Closing in on the finish here. I think I've achieved all the goals described in my original proposal, and ended up going a little further using the framework to write custom ufuncs. To refresh, the SVN is here:
I cleaned up the framework a little, and extended it to support multiple output arrays. In fact, any combination of inputs and outputs is supported as long as the total is <= 5. 5 is a limitation of the x86_64 register file -- 2 registers are required for each input or output (a pointer and a element 'step' or increment value), and I've managed to clear up 10 registers for this purpose. I could support 10 inputs/outputs if I pushed the step values onto the stack (or chose not to use them); I wouldn't expect anything more than a minor performance hit from this, if any.
I've experimented with a couple more ufuncs.
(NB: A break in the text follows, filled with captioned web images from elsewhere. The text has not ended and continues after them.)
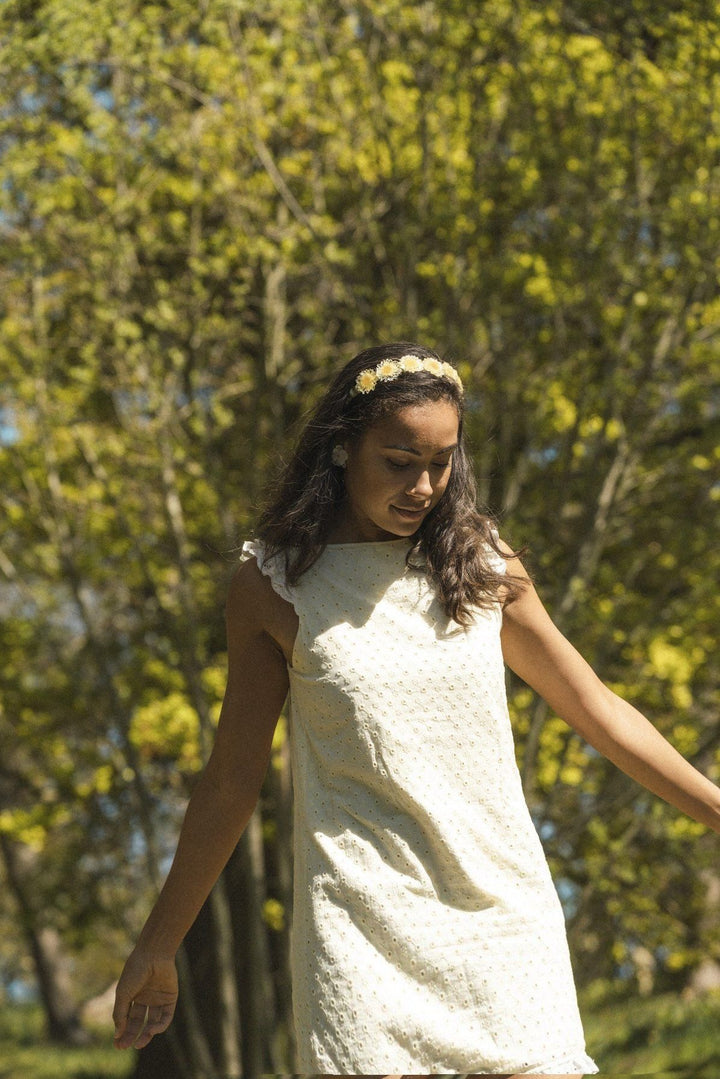 Lemon broderie anglaise mini reversible dress with a detachable black bow Dress Hannah Sophia England 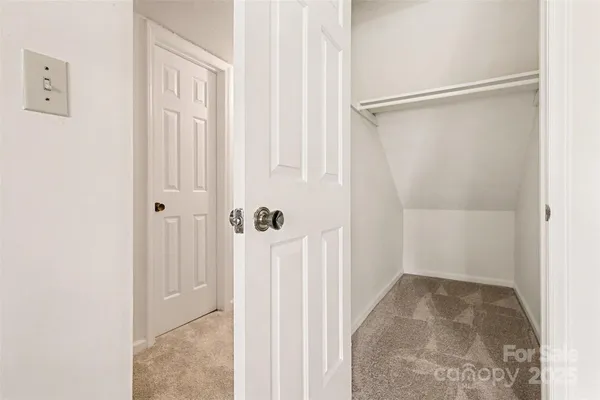 a view of a small space with wooden floor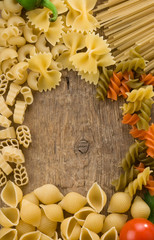 raw pasta at wood background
Wanting to try conditionals, I implemented a 'greater' ufunc and ran into an issue -- I don't know of a good way to return a boolean array (Python boolean objects) from a CorePy-based ufuncs; all I have is the native integer/float types. If 1/0 integer values were suitable as truth values, the conditional ufuncs would be no problem.
Moving along, I tested the multiple-output support by writing an 'addsub' ufunc. This ufunc takes two arrays as inputs, and outputs two arrays. The first output array contains the sum of each pair of elements, while the second output array contains the difference. Nothing fancy there, just a simple test to make sure my code did what I wanted.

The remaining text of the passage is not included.